# What you need to do
Your task is to return exactly the lines that run from the one containing "Certified 2025 Toyota Sienna XLE Minivan/Van" through the end of the listing below, without any pictures.

** Data under study follows **

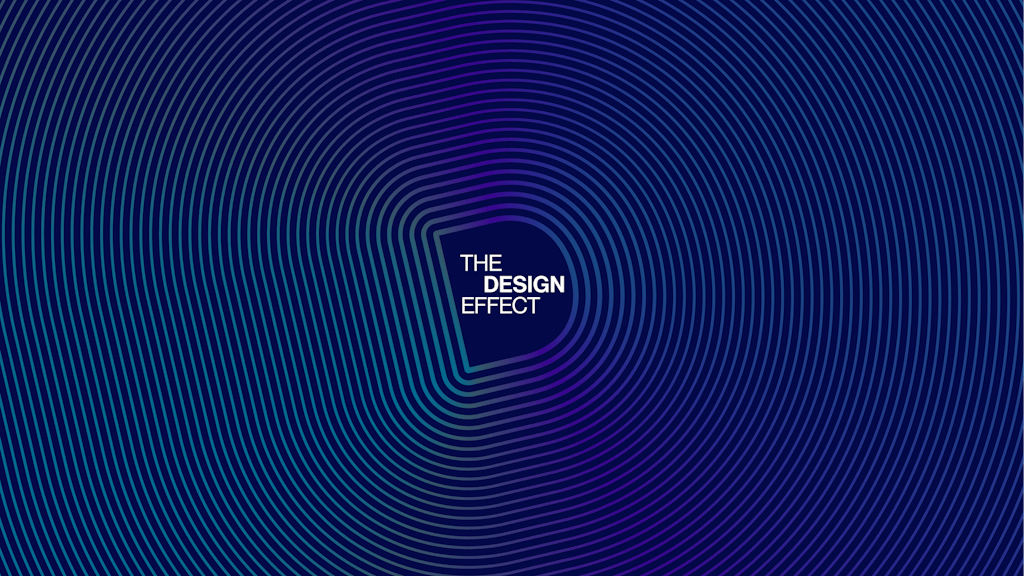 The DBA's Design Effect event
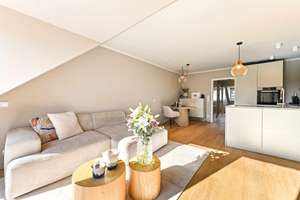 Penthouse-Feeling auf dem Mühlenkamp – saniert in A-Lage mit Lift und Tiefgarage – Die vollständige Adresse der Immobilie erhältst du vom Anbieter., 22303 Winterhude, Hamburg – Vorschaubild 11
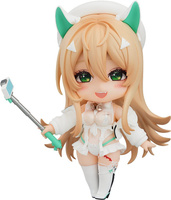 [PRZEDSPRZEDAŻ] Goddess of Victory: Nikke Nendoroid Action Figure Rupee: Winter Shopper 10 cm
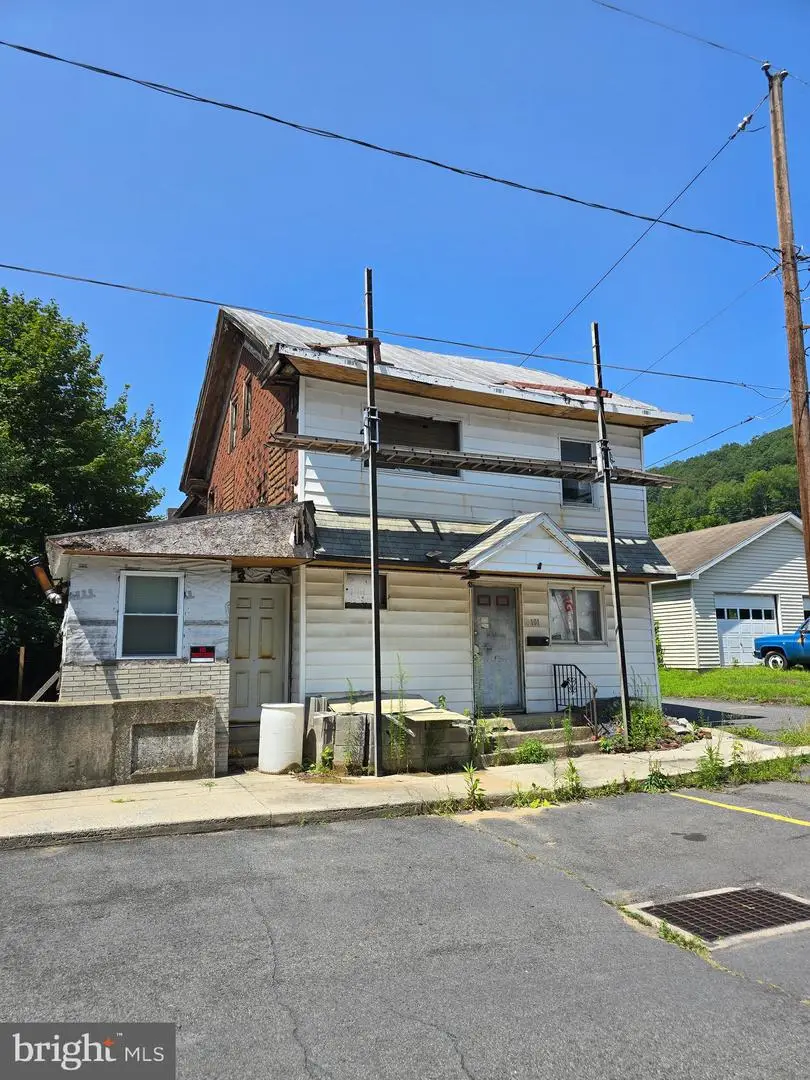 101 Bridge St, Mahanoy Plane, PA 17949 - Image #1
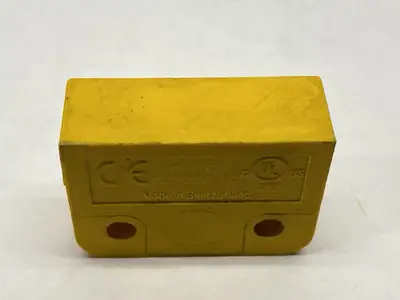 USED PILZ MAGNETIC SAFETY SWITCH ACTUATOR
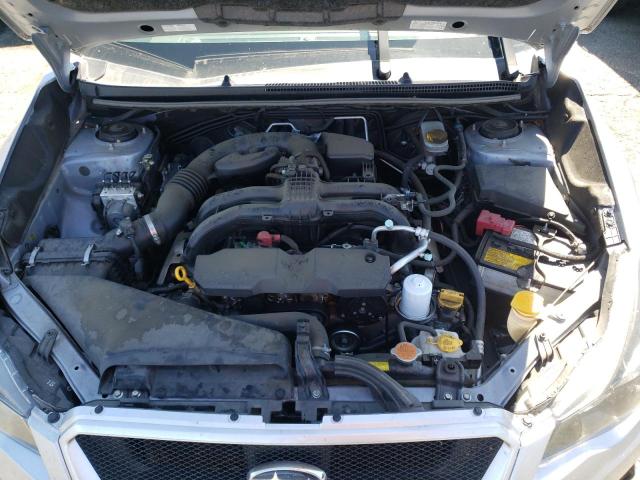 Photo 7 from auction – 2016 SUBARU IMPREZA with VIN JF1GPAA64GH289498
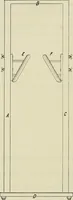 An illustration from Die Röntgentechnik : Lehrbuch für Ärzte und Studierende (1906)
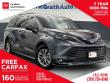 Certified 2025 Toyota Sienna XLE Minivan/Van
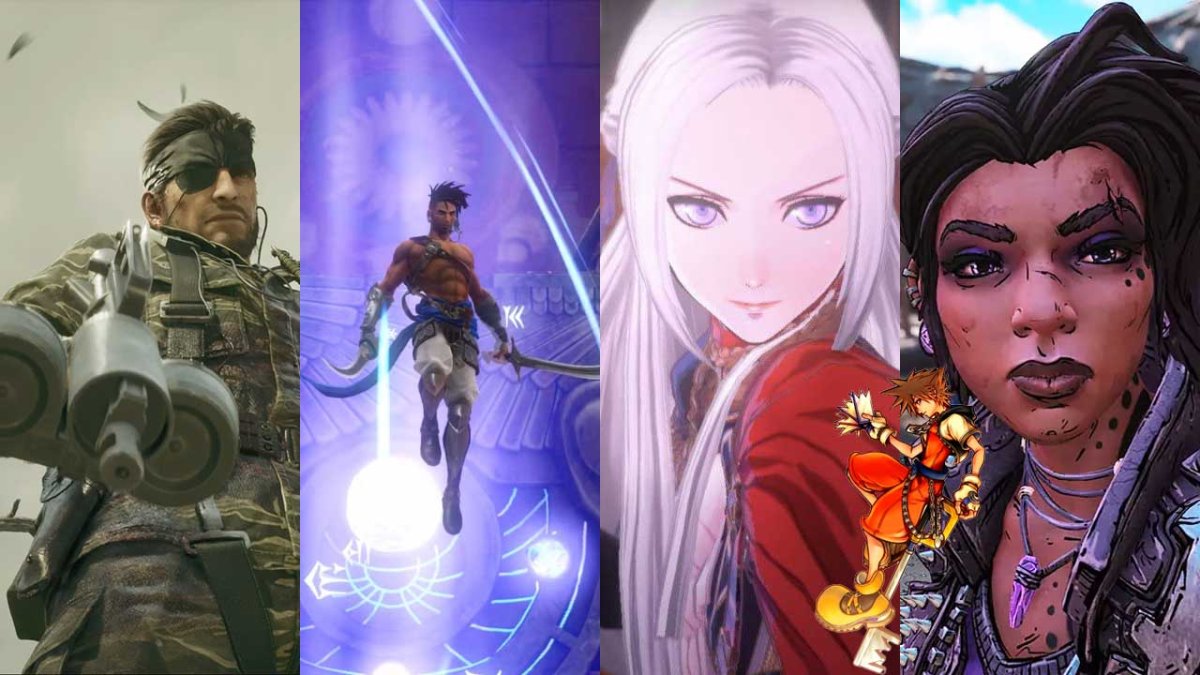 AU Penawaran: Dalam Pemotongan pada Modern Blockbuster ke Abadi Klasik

** End of Data under study **

# Completed task
 Certified 2025 Toyota Sienna XLE Minivan/Van
 AU Penawaran: Dalam Pemotongan pada Modern Blockbuster ke Abadi Klasik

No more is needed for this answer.